Where are these cool places? Every house has a northward side. Along this side the air will be cooler than anywhere else in the yard. If there are foundation windows on the north, where cool basement air drifts out, this place will be even cooler. If there is an outdoor faucet or air conditioner on the north where water drips or is spilled occasionally, this too will make the area nearby cool and agreeable for tuberous begonias.
They Need Light
Avoid placing these plants in extremely deep shade of trees or shrubbery for they need lots of indirect light. Many failures start with too much shade. In favored areas of the northern states we often find tuberous begonias basking in full sun at least part of the day but that would never do where summers are hot and dry. In selecting a site, bear in mind that by increasing the moisture and humidity to the plants, you can counteract to some extent a lack of coolness.
Last summer an ideal location was found for a test planting of tuberous begonias. By actual measurement the temperature there remained at an even 85 degrees while elsewhere in the yard it was over 100 in the shade. This spot was near a basement window on the north of the house. Drying winds parched the grass and other plants, but caused no serious damage to the tuberous begonias in their protected place. Hot sun never touched them, but there was plenty of light from the open sky.
Did they bloom through the heat? Indeed they did. The flowers probably dropped sooner than they would have in a cooler climate, but never through the summer was there a time when the plants were not in bloom. As the heat tempered a bit towards autumn, the plants took a fresh lease on life, and were ablaze with color in October when the first frost put an end to them.
How to Grow Them
Aside from temperature precautions, the culture of these flowers is the same in hot climates as it is elsewhere. Start the tubers indoors in March, in a box containing a mixture of moist peat moss and sand (two parts peat to one of sand). Do not cover them… just snuggle them down in the mixture. Add water around – not on them. Water standing in the hollow top side of a tuber may start rot.
The tubers will start well under fluorescent lights or in an east or north window where the temperature is above 60. In a short time the tubers will send up shoots which develop into husky stems and leaves, and a thick network of roots will form around the tuber. When the tops are three or four inches high, remove the plants from the starting mixture and pot them.
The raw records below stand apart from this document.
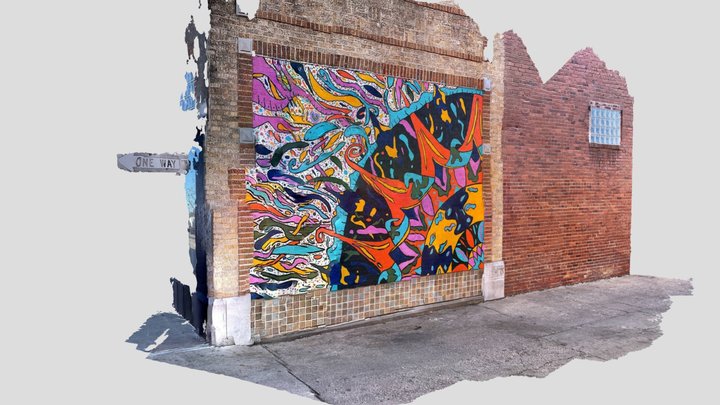 Mural in the Alley 3D Model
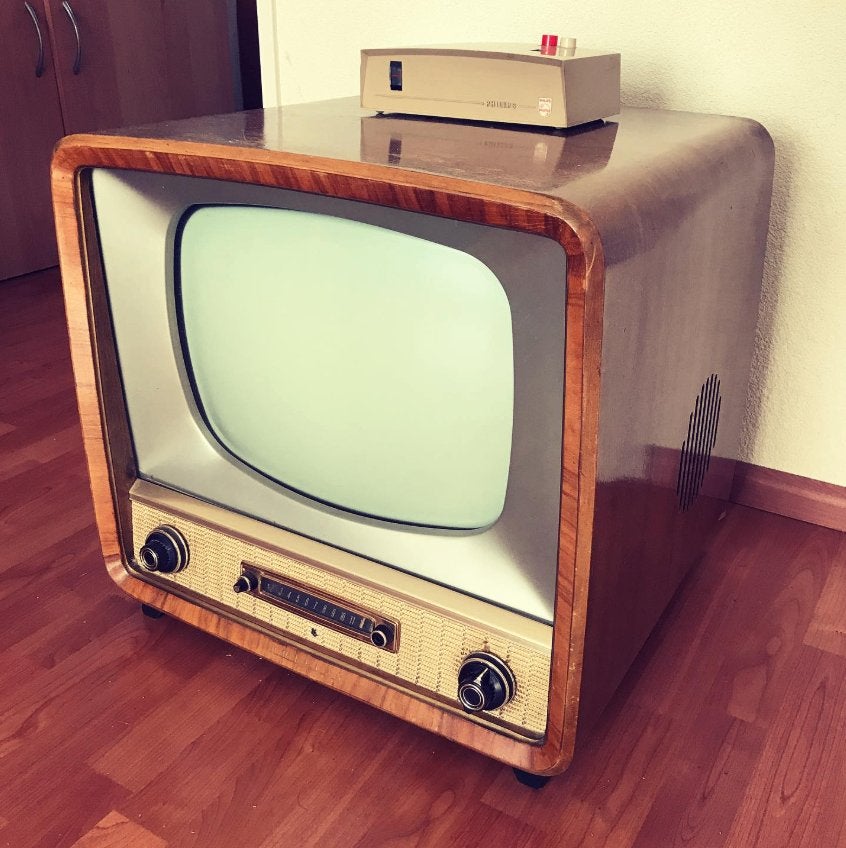 Oude Philips 17TX140 A/16 TV, Ophalen, Audio en Video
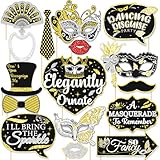 Masquerade Party Decorations Photo Booth Props, Masquerade Party Favors Supplies, Venetian Mask Party Photo Booth Props Kits, Masquerade Photo Booth Props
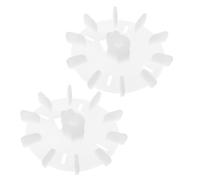 TOVINANNA 2 Piezas Aspas de Ventilador de Motor Eléctrico Ajustables de Plástico para Refrigeración Compatible Motores de Sobremesa Repuesto para Ventilador Condensador Alta Resistencia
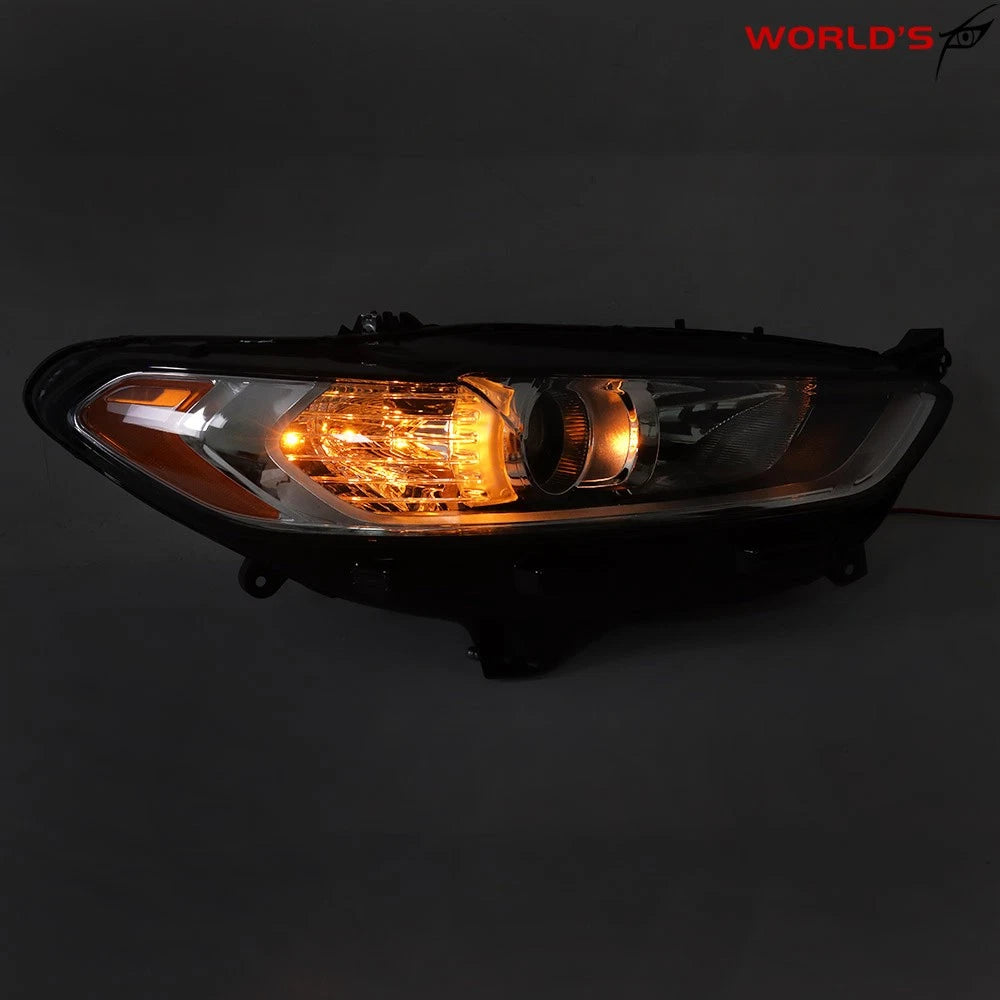 Front Halogen Headlight for Ford Fusion (2013–2016) Chrome Left Side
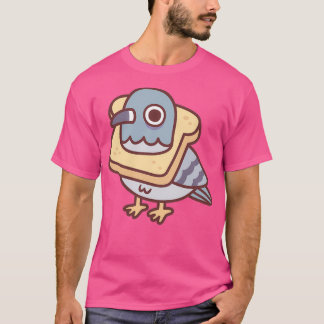 Camiseta Cute Pigeon Con Collar De Pan Fundido 1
Use 6″ inch pots for average tubers. Make sure the pots drain well. Fill the pots with a soil rich mixture. Old timers would make their own consisting of equal parts peat moss (or leaf mold), sand and good garden loam, plus 1/4 part of dried cow manure, and bone meal at the rate of 1/4 cup to each six-inch pot full of mixture. The tuber should be only deep enough in the pot to be barely covered. It is well to put a small plant stake in the pot at the time of potting, for staking will probably be needed and it is difficult to insert a stake later without risk to the tuber or roots.
For Added Coolness
Keep the plants moderately moist, not wet, and they will grow along until time to put them outside. This should be done as soon as the weather becomes settled in the spring, and the frosts are over. Sink the pots up to the rims in the soil. For extra coolness and moisture protection, some avid begonia gardeners excavate an area for the pots and fill in beneath and around them with peat moss which is watered along with the plants.
This is a good method for growing them above ground level in planters or window boxes. Moisture evaporating from this packing of course adds coolness and humidity to the atmosphere, much to the liking of the plants.
Tuberous begonias also grow well planted directly in the ground if the soil has been lightened and enriched. But they are not so easy to handle as when in pots, either at setting out time in spring, or at lifting time in fall.
A feeding of liquid plant food every three weeks through the summer will keep them in full bloom. Pests do not seem to be very bothersome on tuberous begonias. For a safeguard, handle them with the same all-purpose spray you may use on the roses, lilies and other flowers in your landscape. To keep slugs and snails from disfiguring the leaves, put a few bait pellets around the base of the plants.